Segment Start: Records supplied
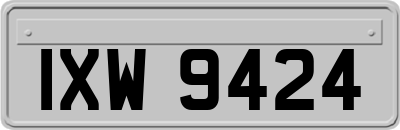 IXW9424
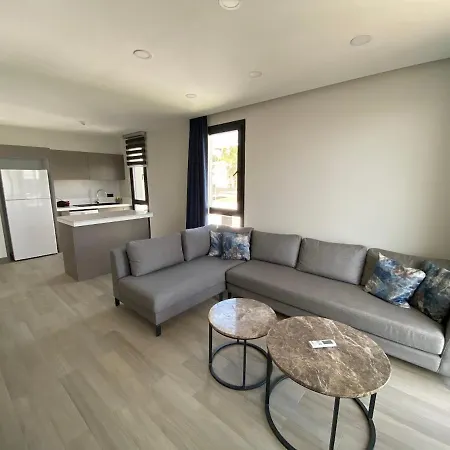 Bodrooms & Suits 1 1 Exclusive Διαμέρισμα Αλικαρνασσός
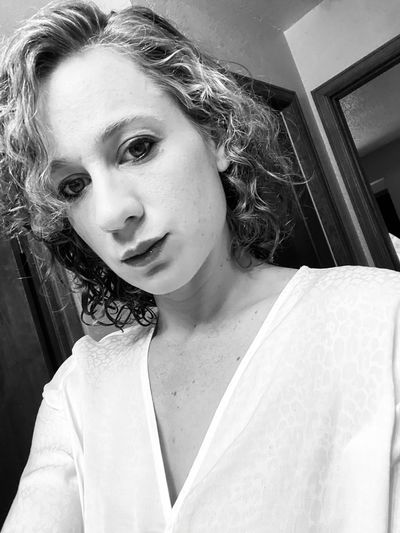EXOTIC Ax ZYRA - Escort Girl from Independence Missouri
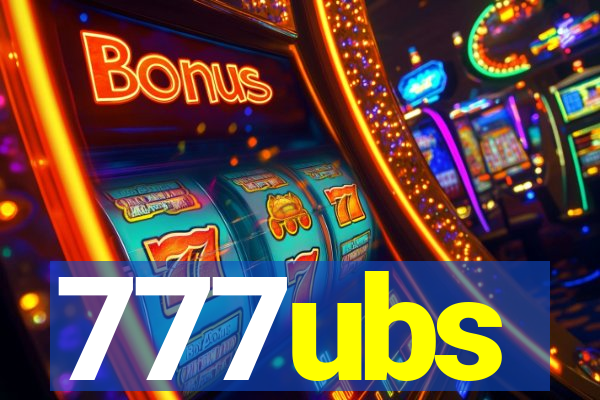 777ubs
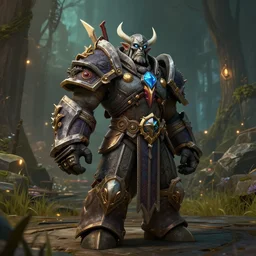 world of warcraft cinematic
Segment End: Records supplied
▶ About this exercise: With the images removed, give back every entry exactly as shown.

▶ Response:
 IXW9424
 Bodrooms & Suits 1 1 Exclusive Διαμέρισμα Αλικαρνασσός
EXOTIC Ax ZYRA - Escort Girl from Independence Missouri
 777ubs
 world of warcraft cinematic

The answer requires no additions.